Supplied entries

····················

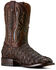 Image #1 - Ariat Men's Ashwood Exotic Pirarucu Western Boots - Broad Square Toe, Brown, hi-res
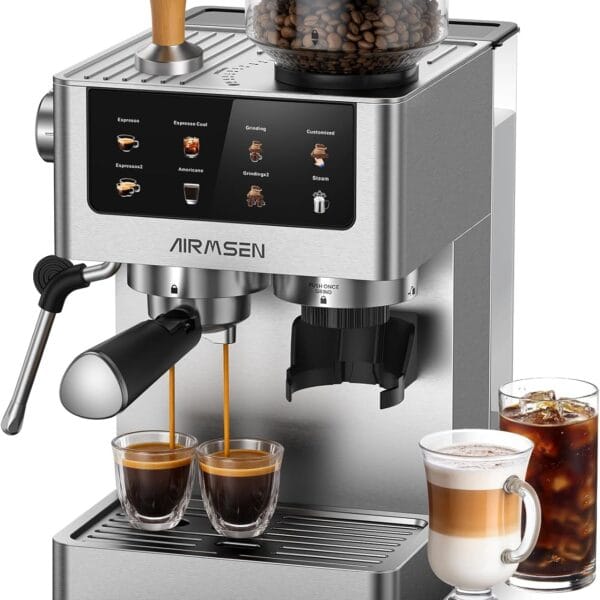 AIRMSEN Espresso Machines with Burr Grinder, 20 Bar, Milk Frother Steam Wand, Stainless Steel Coffee Maker for Home - Cappuccino Latte & Cold Brew Iced Coffee Maker & Americano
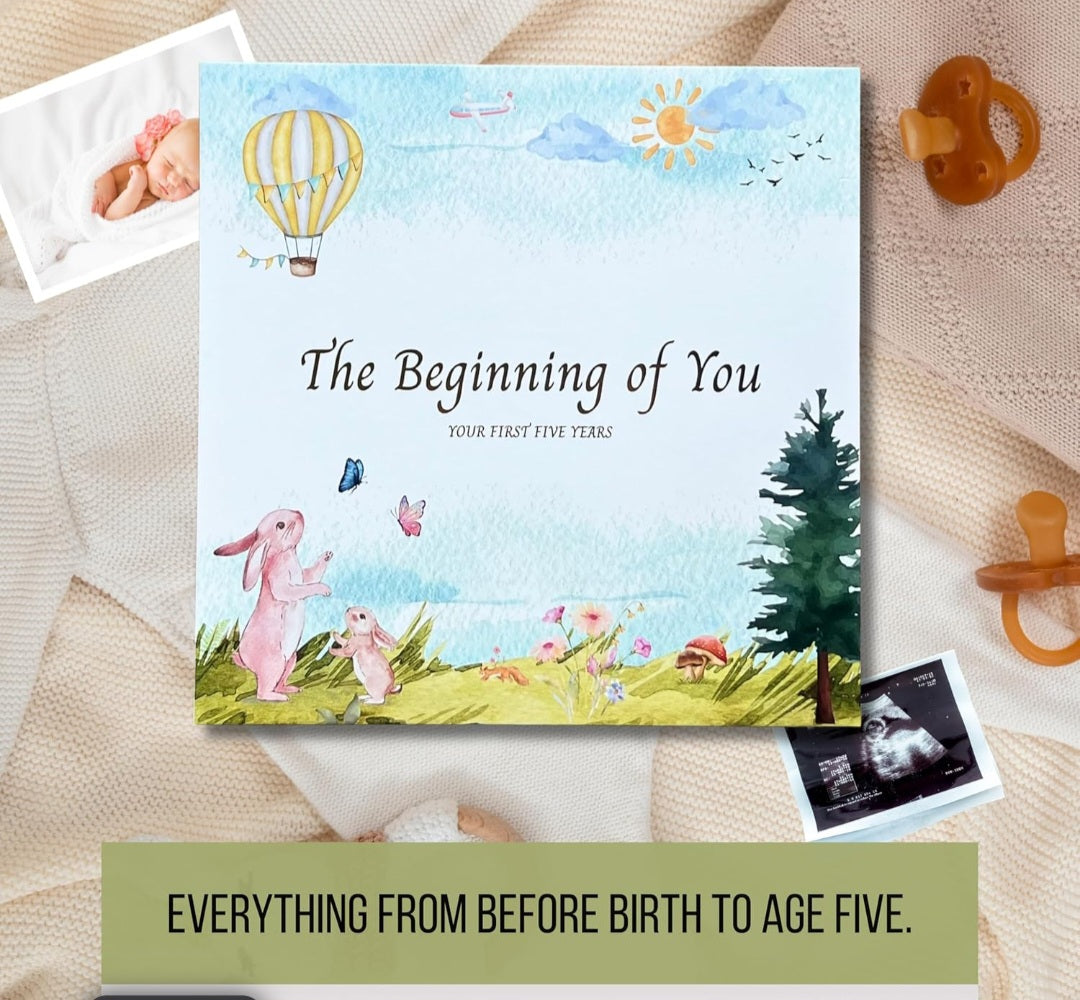Baby Boy or Girl Keepsake Memory Book, First 5 Years Baby Book From Birth To Age 5, Gender Nuetral Memory Scrapbook, Record Every Memory, Medium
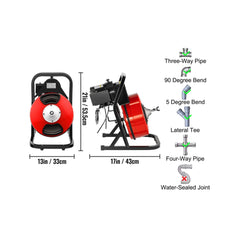 [50FT x 1/2"] Electric Drain Sewer Cleaning Snake Clog Auger Machine (SAK02907)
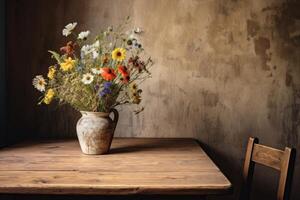 ai generado un de madera mesa con un florero de flores silvestres generativo ai foto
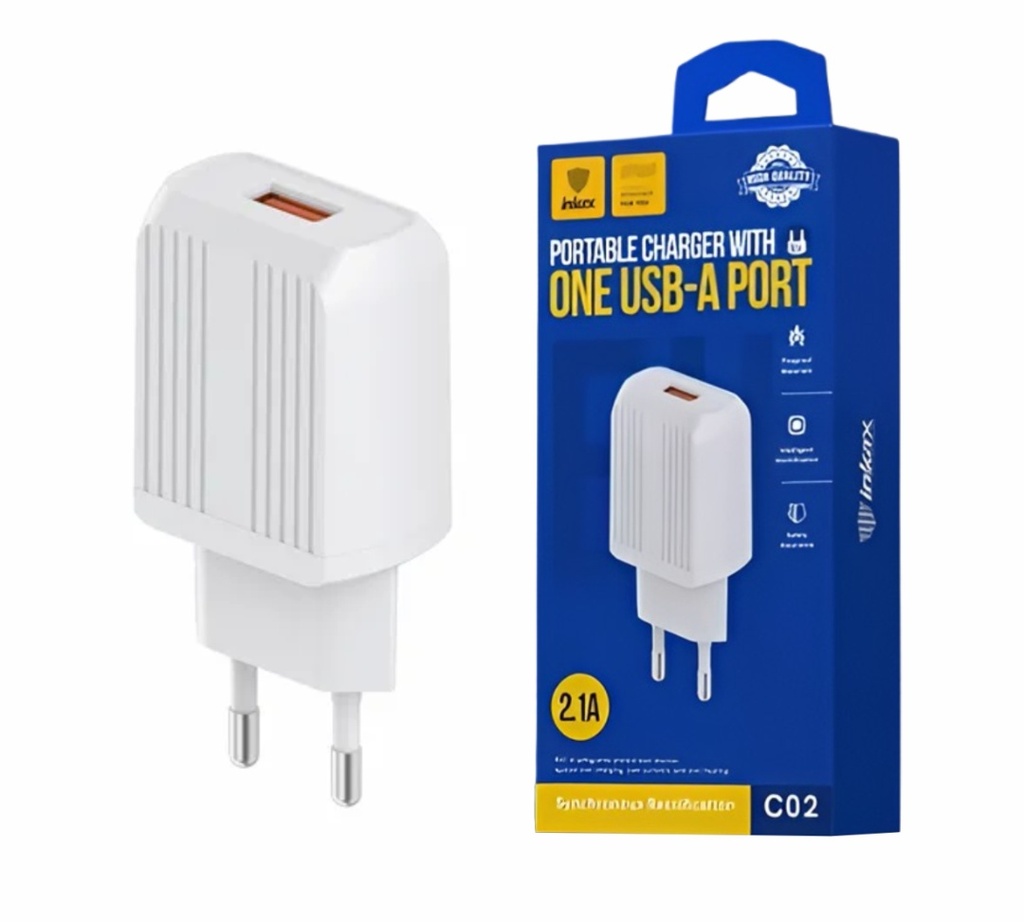 Cargador Inkax USB-A 2.1a blanco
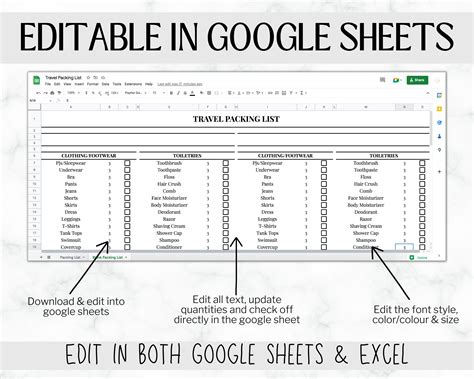 Travel Packing List Google Sheets Packing Checklist EDITABLE Wedding Family Cruise Vacation ...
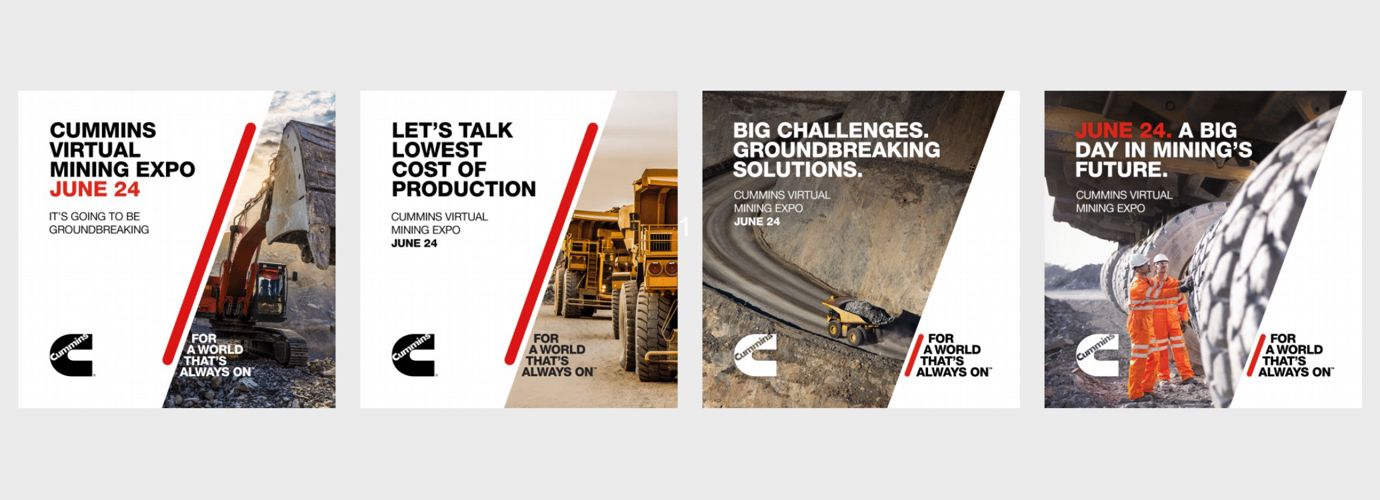 Image of four example trade advertisements for Cummins.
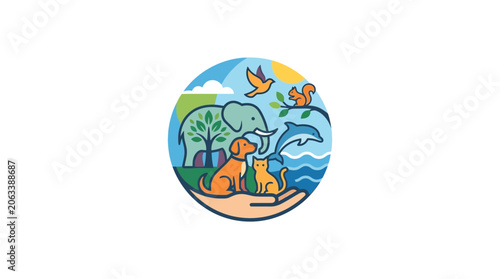 Konstfotografi Animal Welfare and Wildlife Protection Concept Illustration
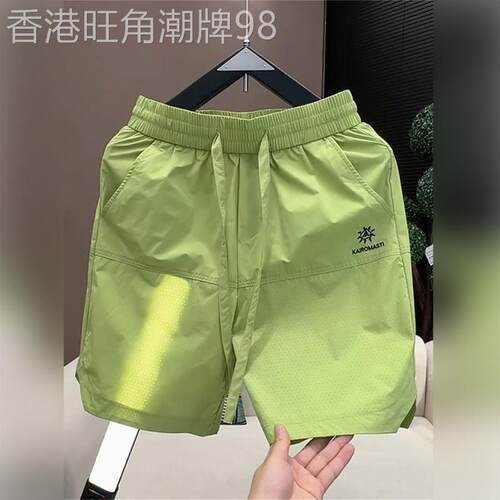 轻奢男士速干宽松短裤夏季薄款刺绣外穿打孔运动短裤五分直筒裤子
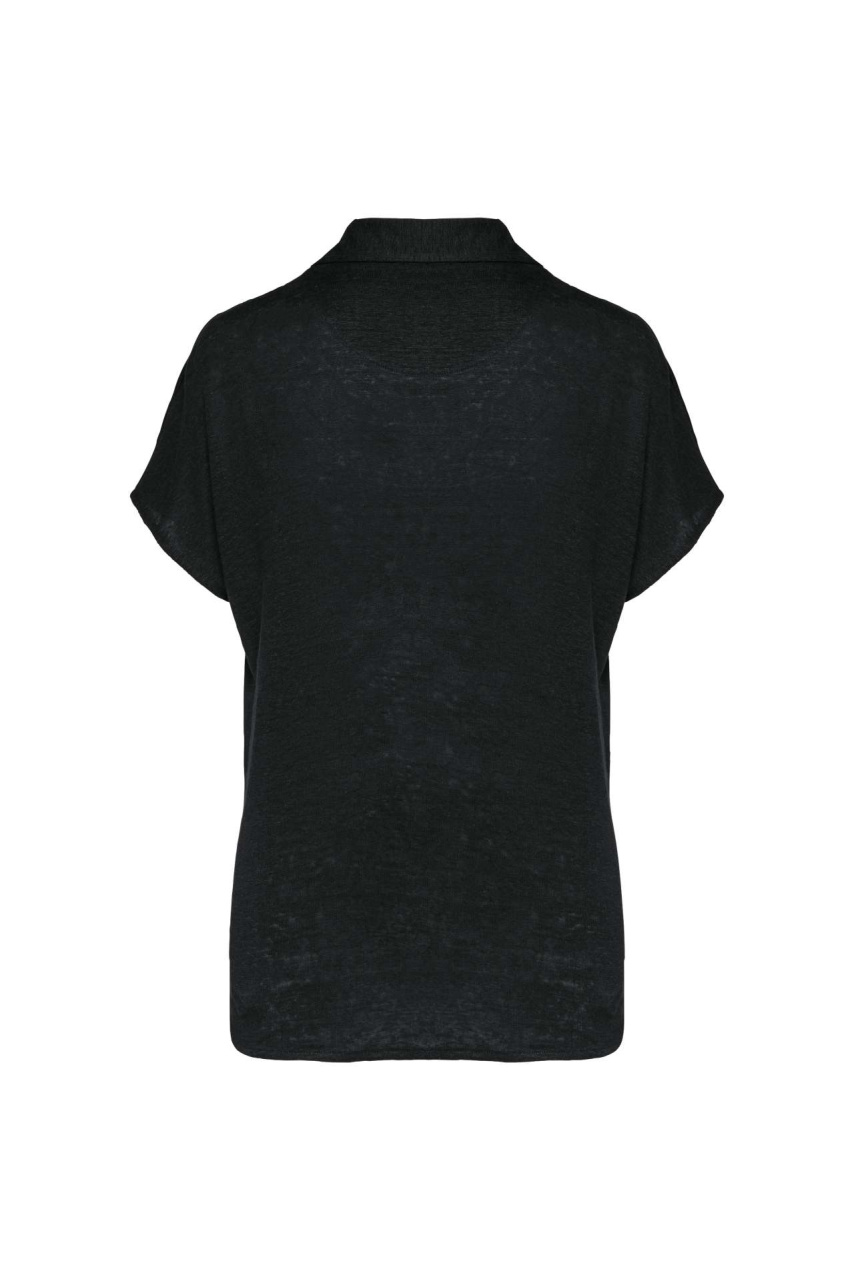 Women's Linen Knit Polo Shirt - Stylish & Comfortable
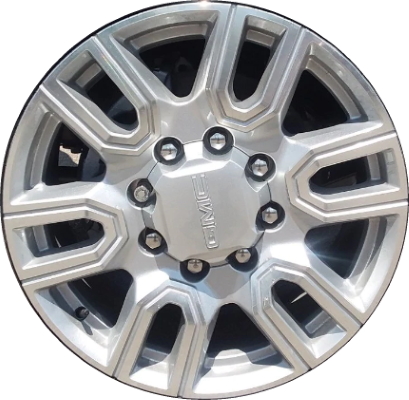 GMC Sierra 2500 2020-2024, Sierra 3500 SRW 2020-2024 silver machined 20x8.5 aluminum wheels or rims. Hollander part number 5950U10, OEM part number 84393883.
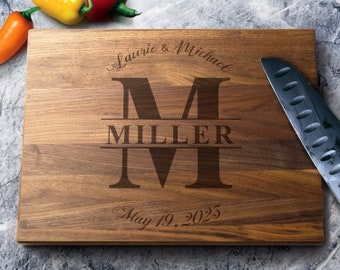 Custom Script Monogram Cutting Board - Walnut - Maple - Cherry Wood - Engraved Cutting Board - Personalized Wedding Gift - Housewarming Gift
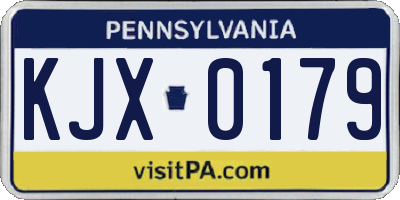 PA license plate KJX0179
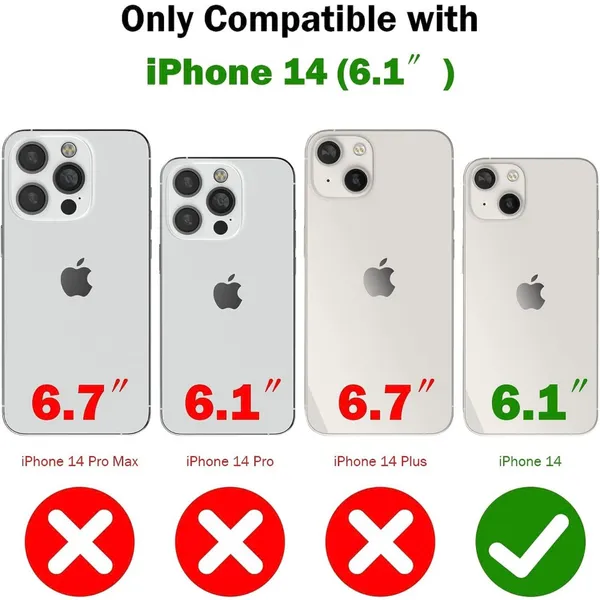 For iPhone 14 ONLY Glitter Clear Phone Case White - Image 3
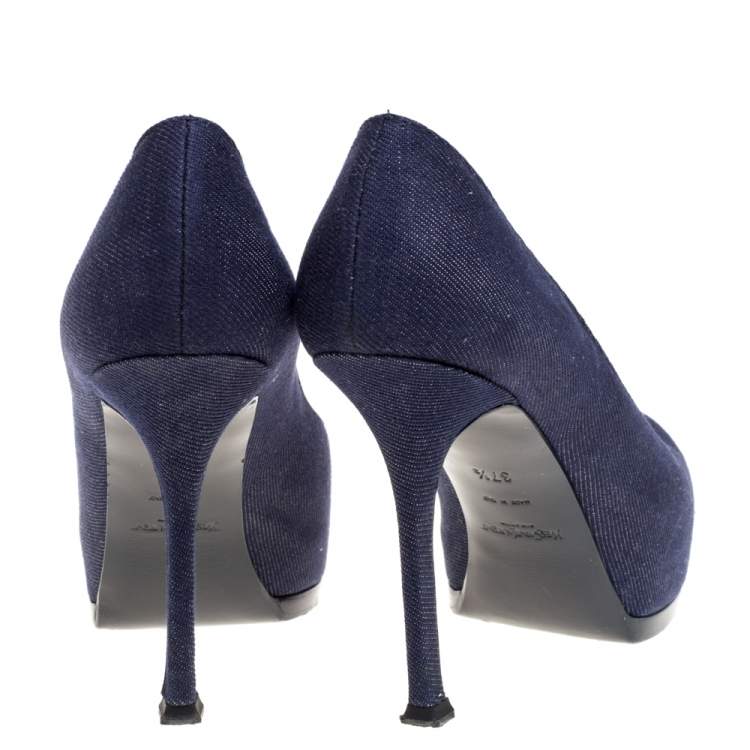 Pre Owned Saint Laurent Paris Denim Fabric Tribtoo Platform Pumps Size 37.5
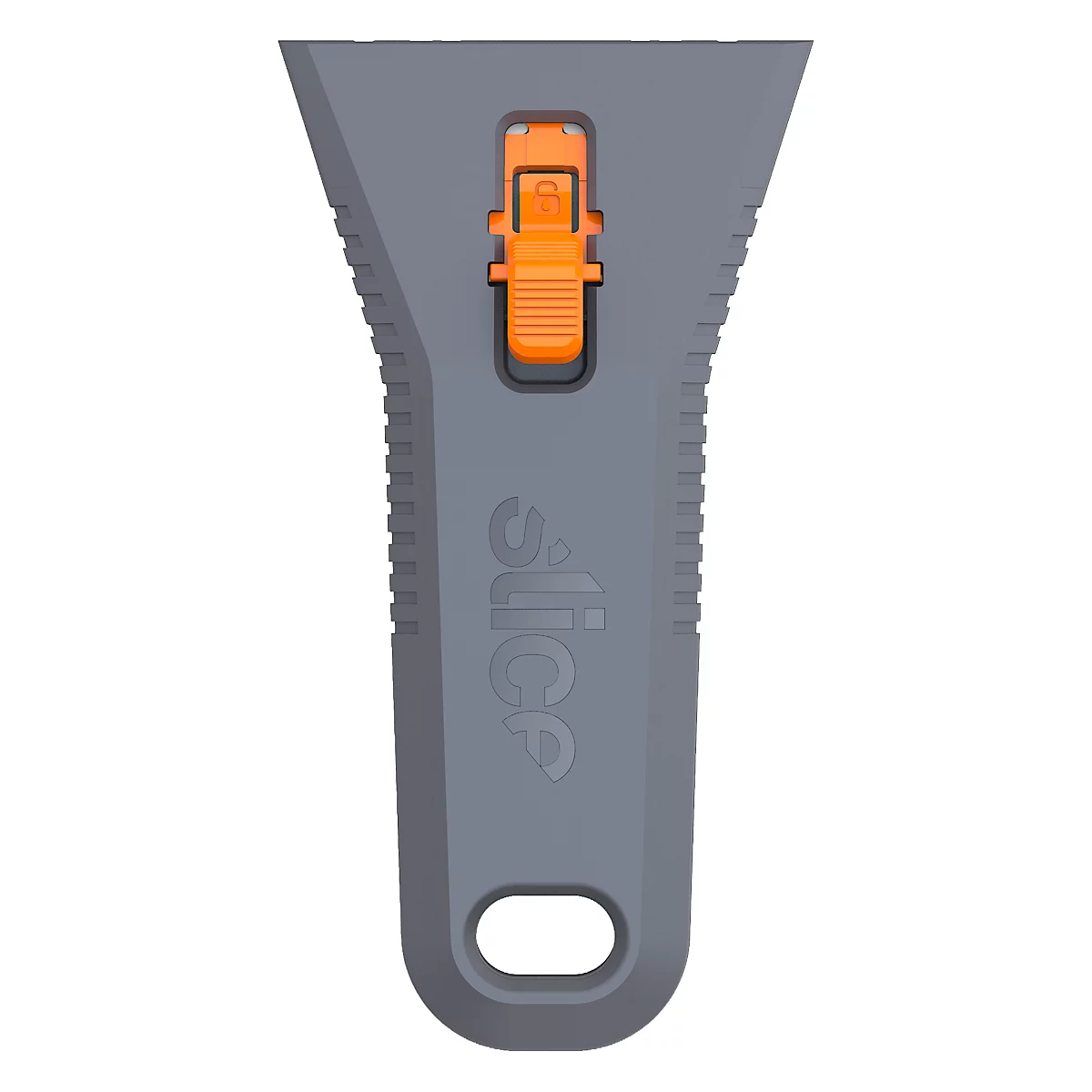 Grattoir gris avec curseur et poignée orange. Le mot "slice" est sur la poignée.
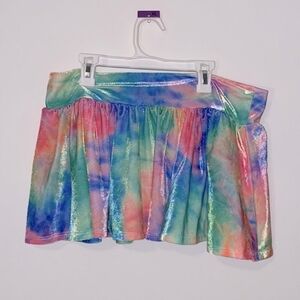 iHeartRaves Neon Rainbow Tye Dye Stretch Velvet Skirt (XL) 🌈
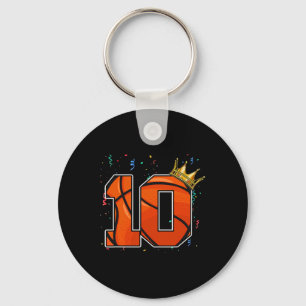 10th Birthday Basketball Big Number 10 Year Old Bo Key Ring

····················

Your goal
Only the lines from the beginning of the records through the line bearing "PA license plate KJX0179" belong in the answer, copied word for word with pictures left out.

Written answer
 Image #1 - Ariat Men's Ashwood Exotic Pirarucu Western Boots - Broad Square Toe, Brown, hi-res
 AIRMSEN Espresso Machines with Burr Grinder, 20 Bar, Milk Frother Steam Wand, Stainless Steel Coffee Maker for Home - Cappuccino Latte & Cold Brew Iced Coffee Maker & Americano
Baby Boy or Girl Keepsake Memory Book, First 5 Years Baby Book From Birth To Age 5, Gender Nuetral Memory Scrapbook, Record Every Memory, Medium
 [50FT x 1/2"] Electric Drain Sewer Cleaning Snake Clog Auger Machine (SAK02907)
 ai generado un de madera mesa con un florero de flores silvestres generativo ai foto
 Cargador Inkax USB-A 2.1a blanco
 Travel Packing List Google Sheets Packing Checklist EDITABLE Wedding Family Cruise Vacation ...
 Image of four example trade advertisements for Cummins.
 Konstfotografi Animal Welfare and Wildlife Protection Concept Illustration
 轻奢男士速干宽松短裤夏季薄款刺绣外穿打孔运动短裤五分直筒裤子
 Women's Linen Knit Polo Shirt - Stylish & Comfortable
 GMC Sierra 2500 2020-2024, Sierra 3500 SRW 2020-2024 silver machined 20x8.5 aluminum wheels or rims. Hollander part number 5950U10, OEM part number 84393883.
 Custom Script Monogram Cutting Board - Walnut - Maple - Cherry Wood - Engraved Cutting Board - Personalized Wedding Gift - Housewarming Gift
 PA license plate KJX0179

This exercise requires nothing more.